I am running into a weird deadlock situation in my code using Python 3.8. The implementation kicks off a separate Process to perform some operations on a PDF/XPS file and then return the results. Occasionally, it will never return, and I am perplexed why it is happening. I cannot show the entire implementation but it is structured like this:
def parent_function():
... (other code)
results_queue = multiprocessing.Queue()
child_process = multiprocessing.Process(target=_process_pdf_pages, args=(original_file, arg1, arg2, arg3,..., results_queue))
child_process.start()
logger.info('BEGIN results = results_queue.get()')
results = results_queue.get()
logger.info('END results = results_queue.get()')
... (other code)
def _process_pdf_pages(original_file, arg1, arg2, arg3,..., results_queue):
try:
logger.info('{} Started reading PDF/XPS file {}'.format(dt.datetime.now(), original_file))
... (other code)
logger.info('{} Finished reading PDF/XPS file {}'.format(dt.datetime.now(), original_file))
... (other code)
logger.info('Child process returning result')
results_queue.put((arg1, arg2, arg3...))
except Exception as e:
logger.error('Child process encountered error: {}'.format(e))
logger.error(traceback.format_exc())
logger.info('Child process returning result')
results_queue.put((arg1, arg2, arg3...))
Whenever this code deadlocks, I see the following lines written in the logs and nothing after this:
2023-06-20 14:12:55 BEGIN results = results_queue.get()

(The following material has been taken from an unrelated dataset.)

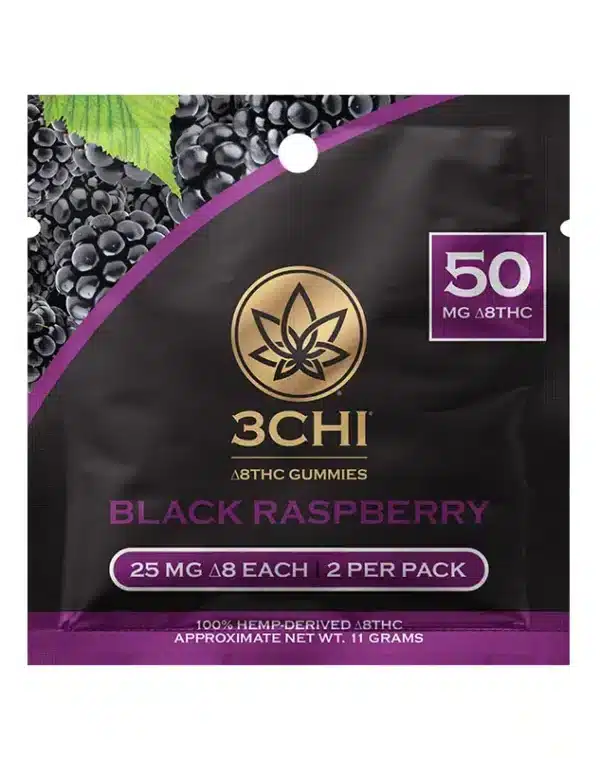 3Chi Delta 8 Black Raspberry gummies mini packs
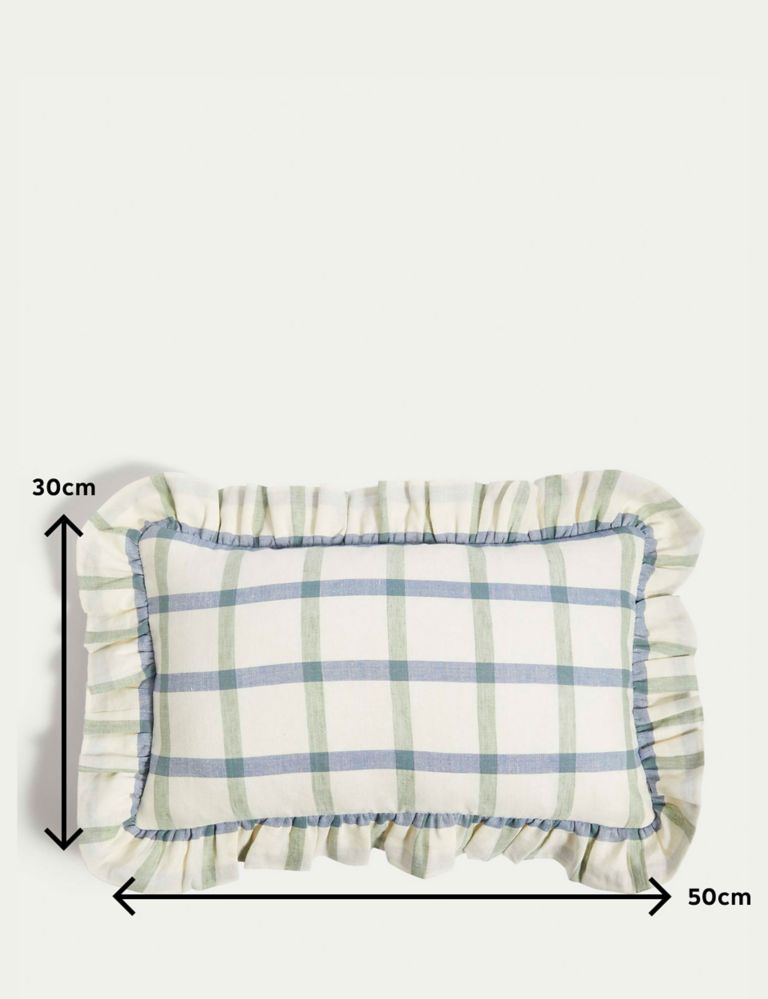 Cotton with Linen Checked Bolster Cushion 8 of 8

2023-06-20 14:12:55 2023-06-20 14:12:55.075017 Started reading PDF/XPS file my_file.pdf
2023-06-20 14:12:55 2023-06-20 14:12:55.745496 Finished reading PDF/XPS file my_file.pdf
Strangely, I do not see the message the child process prints out just before it calls .put on the queue, but it does appear to be a deadlock because I don't observe any CPU usage indicating the child process was still busy and I know by experience that it only takes a few seconds to process these files.
Is there anything I'm doing wrong with the order of operations that is causing this problem?